My mother was angry too. I don't know about her experiences with men besides my father, because her generation wasn't allowed to speak up at your age. But I know she was angry, and more than that she found her voice by the time I came. She took me to NOW and ERA rallies when I was a girl, to marches, meetings, consciousness-raising sessions, and most importantly she brought me with her while she got petitions signed, while she stuffed bags with political literature and hung them on doorknobs, translating her anger and frustration to real change one doorknob at a time.
She did something about it. And she taught me to do something about it. Now you are teaching, too.
My mother's generation dared to speak out, and mine has picked up the torch and carried on that work. But there is obviously much more to do.
So you see: you are joining a long, long history of angry women.

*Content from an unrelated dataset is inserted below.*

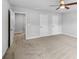 Expansive bedroom featuring plush carpeting and a ceiling fan at 2335 Plummer Sw Pl, Marietta, GA 30064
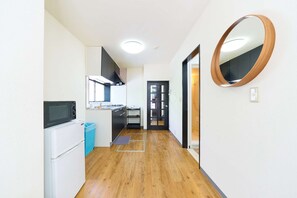 A narrow hallway with a kitchen area on the left, a wooden floor, and a mirror on the right wall. - Kita-Shinjuku Inn House, 3LDK 70m2 Detached House in Shinjuku Area (新宿区)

I’ve lived with the reality of sexual assault and the fear of assault for decades. It’s part of the background of life, like living in a war zone where you never really feel safe, not ever. You never know when the bomb is going to explode, safety is an illusion, but you have to keep going.

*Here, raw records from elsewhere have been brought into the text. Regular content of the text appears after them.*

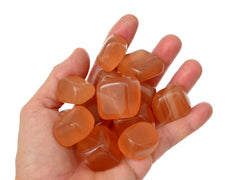 Eleven some honey calcite tumbled minerals on hand with white background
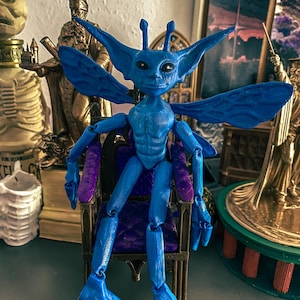 May include: A blue articulated figurine of a creature with large ears, wings, and insect-like features, seated on a miniature chair with purple cushions. The figurine has a detailed, textured surface and is posed with its arms and legs bent.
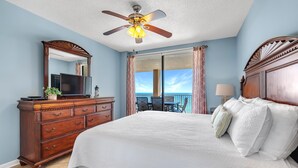 A bedroom with a large bed, a wooden dresser, a ceiling fan, a TV, and a balcony with a view. - Bluewater 1101 (Orange Beach)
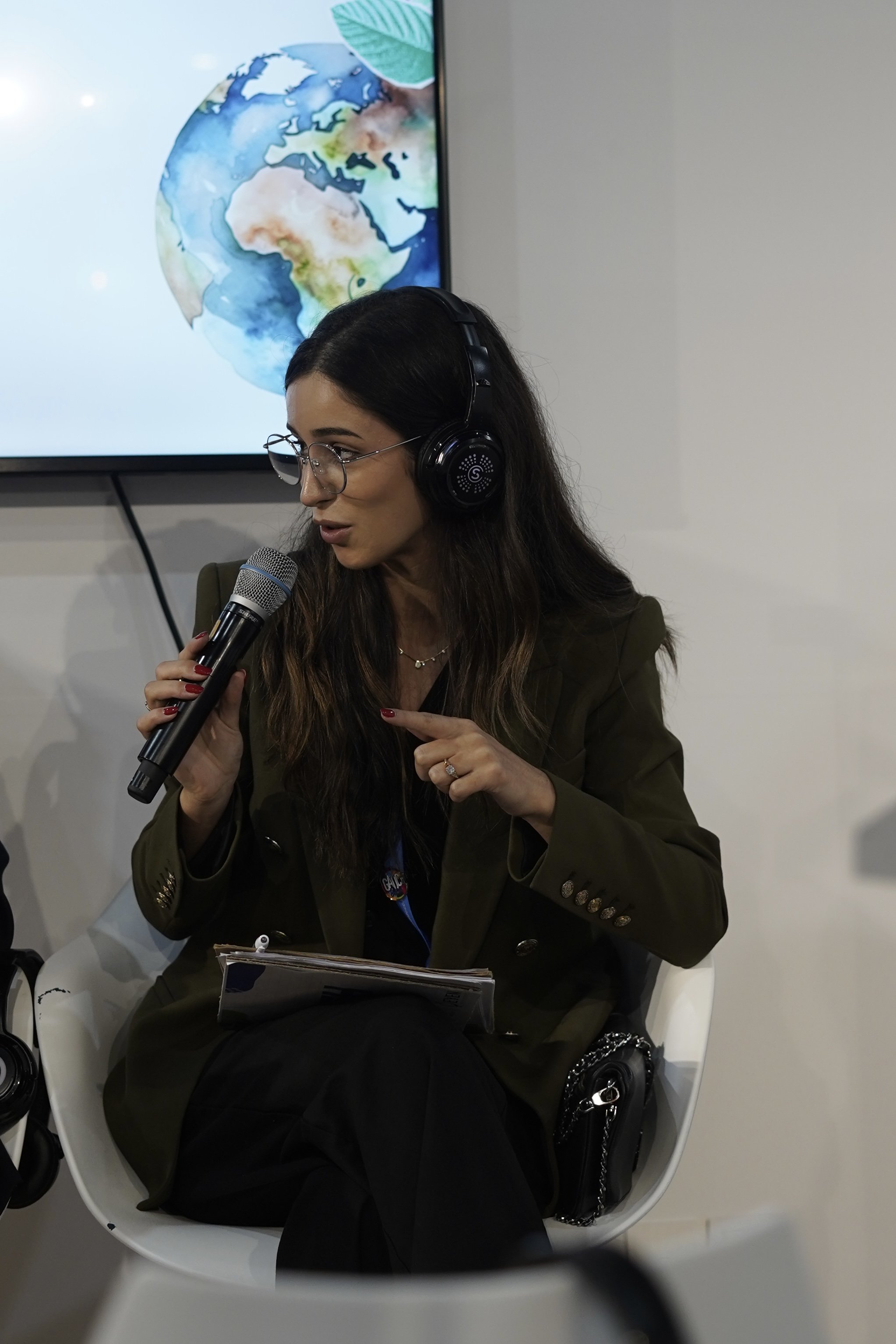 A woman sitting on a white chair, speaking into a microphone, wearing headphones and glasses, with a notebook on her lap. A television screen behind her displays a watercolor map of the world.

Unfortunately, I’m not alone in feeling that way. One in five of our sisters lives with that feeling too; wherever I am, I'm hanging out with survivors, with women who have not received justice. I know some of their stories; others can’t even tell theirs.
You have my love and respect for speaking out, for taking your case to the university. For every women who couldn’t come forward, you spoke for her, speak for her. It makes a difference.
There are so many of us, so many men and women who truly care about this issue because they and their partners and children have been through this pain. We move through the horror and don’t let it destroy the joy, the love, all the good things and good relationships in our lives.
Keep going. You aren’t carrying this alone.
There are more of us than you think. Way more. Every time you are in the grocery store, count five people. One of them (maybe more) is angry, maybe has been for decades. We won’t stop. We can’t. Our daughters and sons are counting on us. You are amazing and fierce. But most important, you are not alone. Don't ever think that. Knowing that you are not alone is *how* you stay angry without letting it destroy you. The way we treat women has to change. It is changing.
Thank you, and thanks to your sisters and brothers who are out there adding your beautiful, unique voice.